Task prompt. Leave out the pictures and retype, exactly, the lines below from the line with "贷款审核不过复议2025年推荐，概括五个黑户可以做大额贷款app" up to and including the line with "Funny Gun Kontrolle Magnet #2 (Vorne)", nothing more.

Input data.
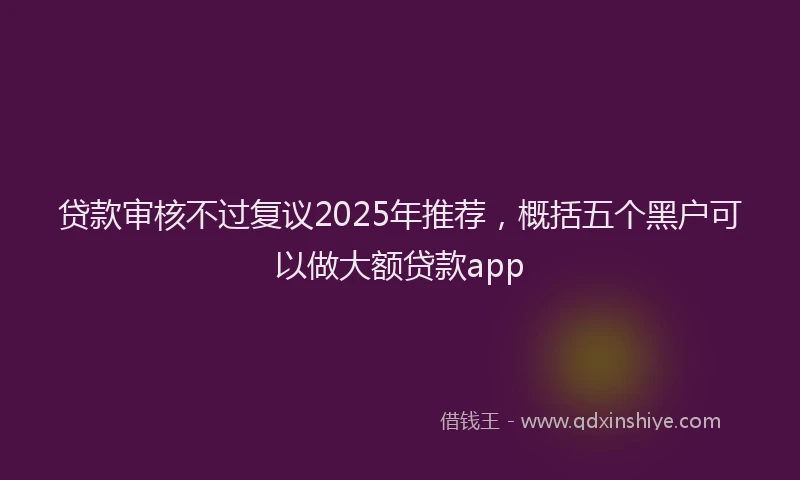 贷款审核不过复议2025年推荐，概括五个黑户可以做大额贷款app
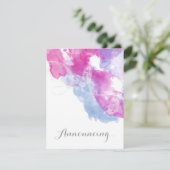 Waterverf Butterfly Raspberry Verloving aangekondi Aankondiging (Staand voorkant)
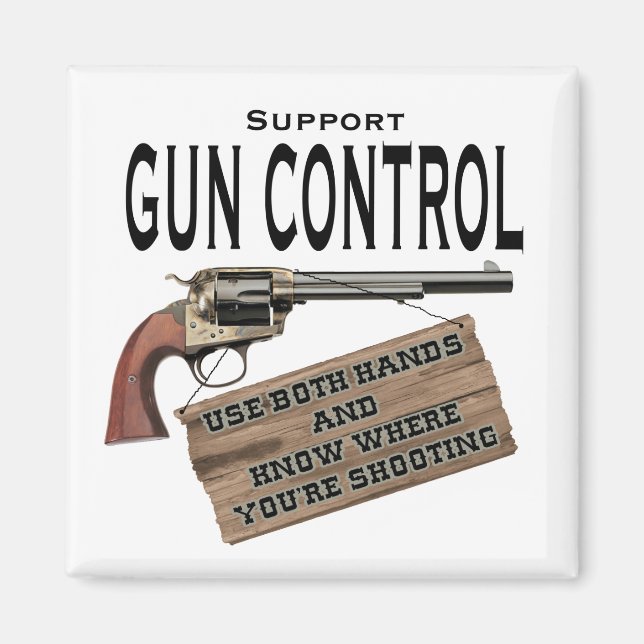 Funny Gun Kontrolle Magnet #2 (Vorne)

...

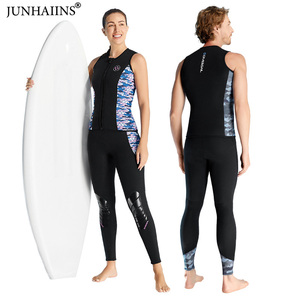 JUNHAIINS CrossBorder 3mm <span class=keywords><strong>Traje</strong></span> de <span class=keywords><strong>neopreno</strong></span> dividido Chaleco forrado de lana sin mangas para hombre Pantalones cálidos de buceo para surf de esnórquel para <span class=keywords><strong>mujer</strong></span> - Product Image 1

Solution for this problem.
 贷款审核不过复议2025年推荐，概括五个黑户可以做大额贷款app
 Waterverf Butterfly Raspberry Verloving aangekondi Aankondiging (Staand voorkant)
 Funny Gun Kontrolle Magnet #2 (Vorne)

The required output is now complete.